Re 3) You can use a checkpoint node to write the data but you would need to explicitly define the CheckpointFileame property rather than using the default {{^handle^}} textual substitution value of the property as this is different for each node. A checkpoint node wil not run if it's input pin is not connected so you cannot use it without an upstream node to start it's execution.
The Checkpoint node is a composite node that leverages nodes that write and read .brd files. It may be more transparent (from a data flow logic perspective) to simply use an Output BRD node to write the imported data and then use separate BRD File nodes eleswhere in your data flow to read in the data from the explicitly defined .brd file. You should consider implementing logic to delete explicitly created .brd files as the system will not include these in the temporary data purge mechanism.
4) There is a system property that defines the maximum number of threads available in the container. Only Java-based nodes are eligible to run in-container. However, not all Java-based nodes run in-container (e.g. the JDBC Query node). Nodes do not have to be connected to run in-container. When an eligible node is ready to be run if the limit on the maximum number of concurrently running nodes has not been reached then the system will attempt to run it in the container. If the limit has been met then the node will run in it's own process space.

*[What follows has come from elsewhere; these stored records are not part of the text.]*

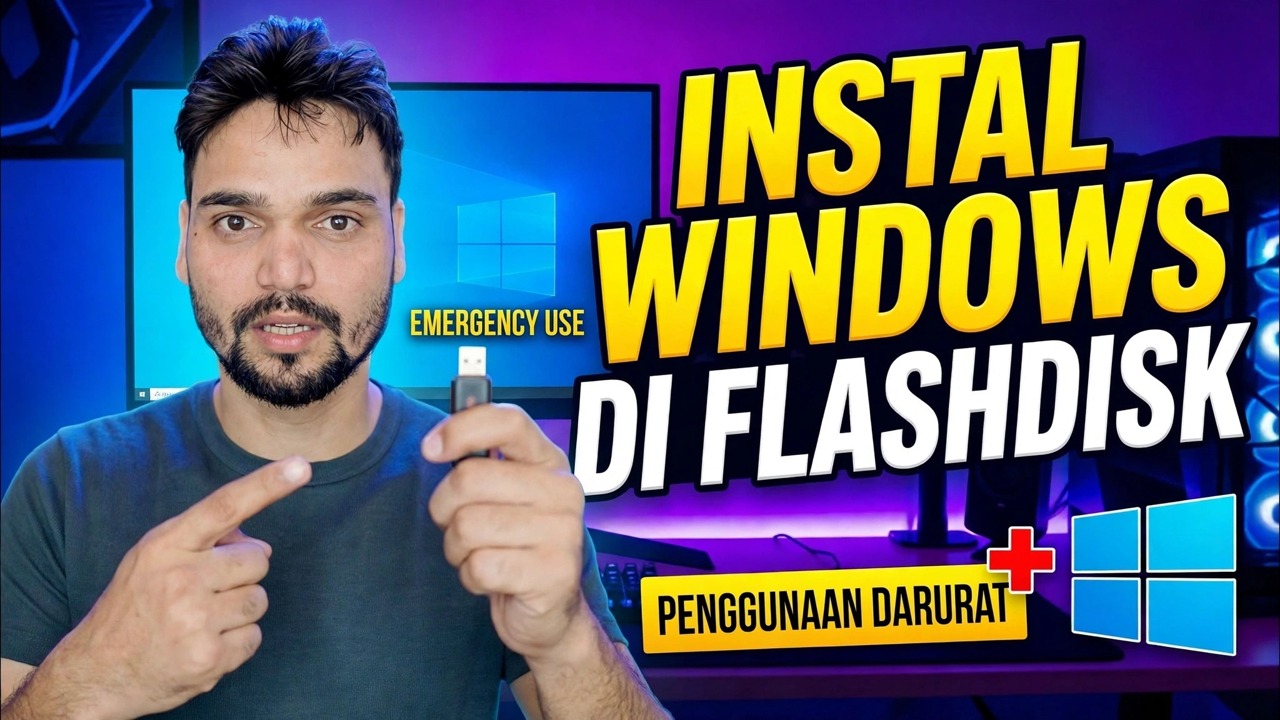 Instal OS Windows di Flashdisk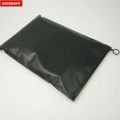 100PCS Custom LOGO Printed Thick Frosted Black PVC Zip lock Bag Plastic Zipper Bags for T-shirt Clothing Packaging. 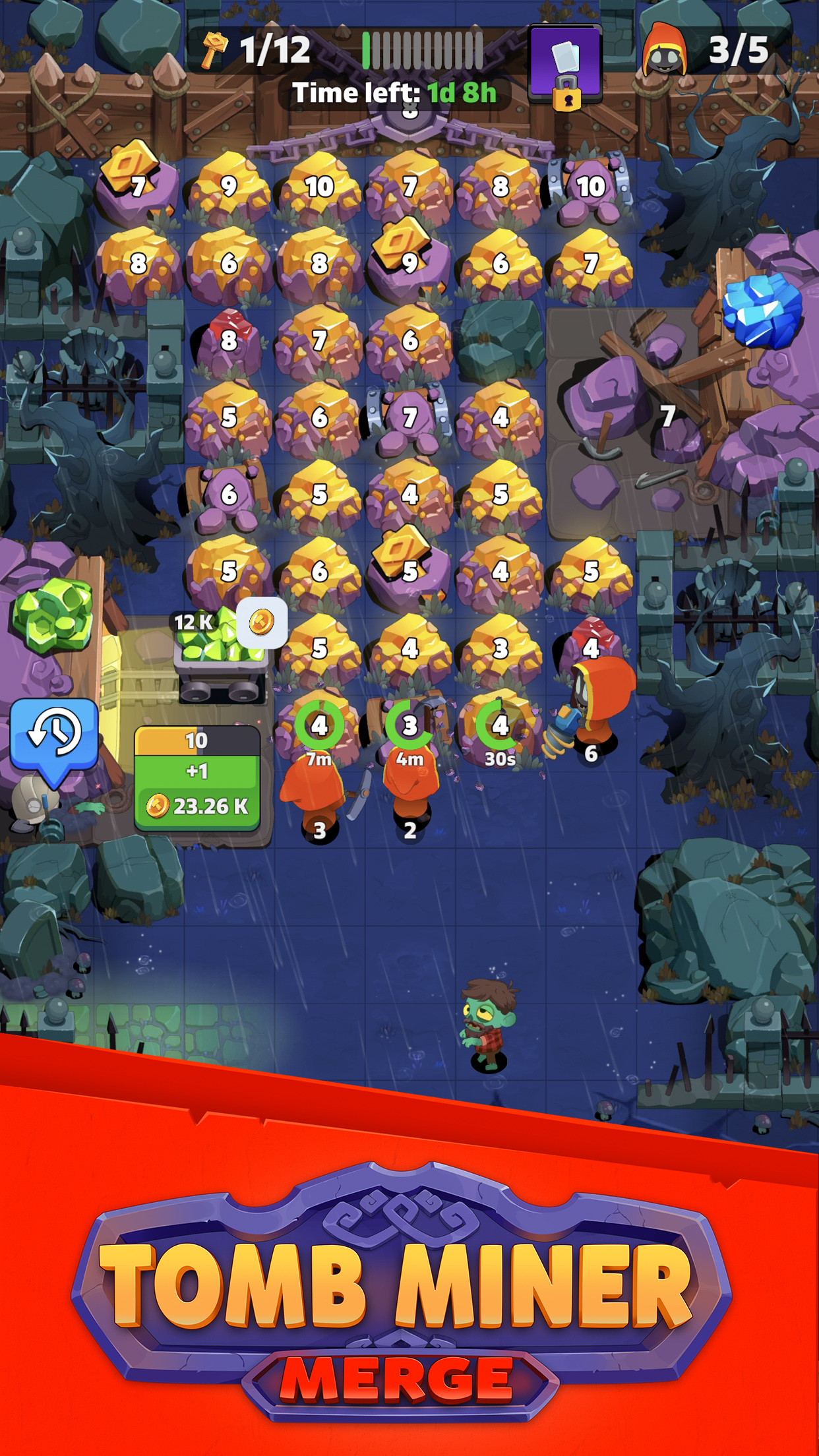 اسکرین شات 7 بازی Tomb Miner - Idle Merge Tycoon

The thread limit can be configured in your cust.prop via the property: ls.brain.server.nodeContainer.inContainerPoolSize
In practice, the decision to run an eligible node in-container depends on a number of factors including the type of node is being run, the number of fields in the input data and the number of records in the data. For some nodes that have a large number of data 'cells' in their input data, they will be run in their own process space.
The Python node does not use Jython (and it's not Java based) - the Python node leverages CPython, allowing it to execute third-party Python packages that are written in C/C++. The Python node always runs in it's own process space.